[HOW TO COMPLETE THIS TASK]: Each line of the data below goes into the copy exactly; pictures do not.

BEGIN DATA BLOCK

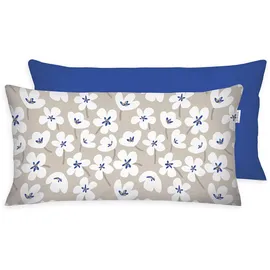 Tom Tailor Kissenbezug Floral 40 x 80 cm Blau/Beige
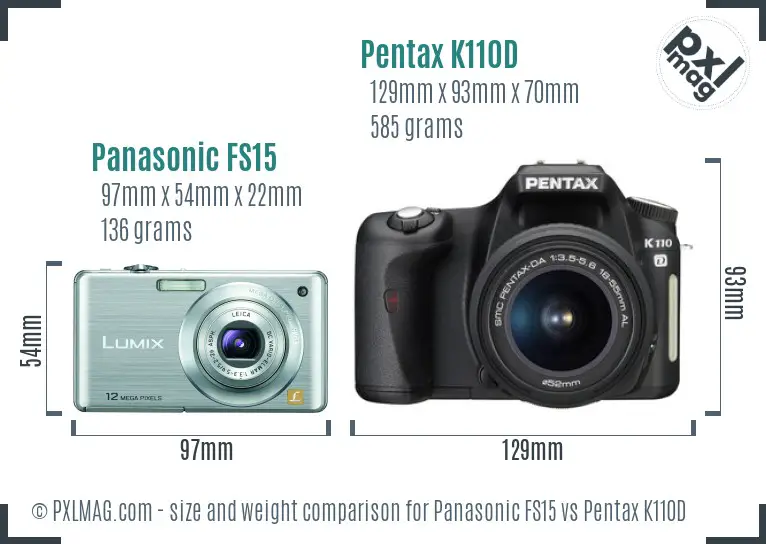 Panasonic FS15 vs Pentax K110D size comparison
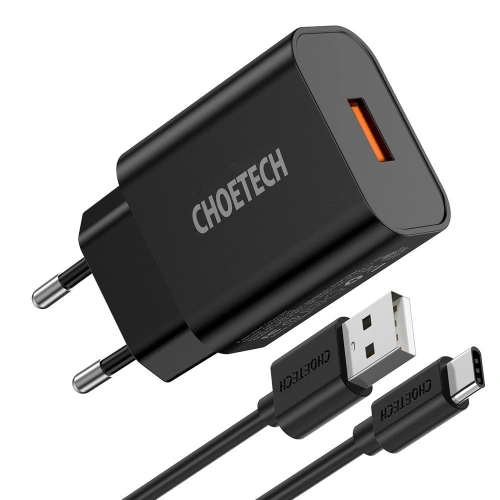 Kup Hálózati töltő Choetech Q5003 QC3.0 18W 3A + USB-A/USB-C kábel 1m fekete - CHT96 - {ean13} - Sklep Home Screen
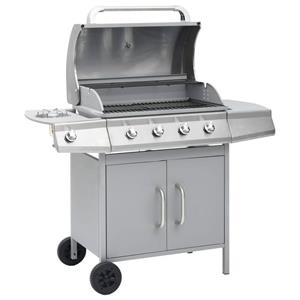 VIDAXL Gasgrill »Gasgrill 4+1 Brenner Silbern Edelstahl«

END DATA BLOCK

[RESULT OF THIS EXERCISE]:
 Tom Tailor Kissenbezug Floral 40 x 80 cm Blau/Beige
 Panasonic FS15 vs Pentax K110D size comparison
 Kup Hálózati töltő Choetech Q5003 QC3.0 18W 3A + USB-A/USB-C kábel 1m fekete - CHT96 - {ean13} - Sklep Home Screen
 VIDAXL Gasgrill »Gasgrill 4+1 Brenner Silbern Edelstahl«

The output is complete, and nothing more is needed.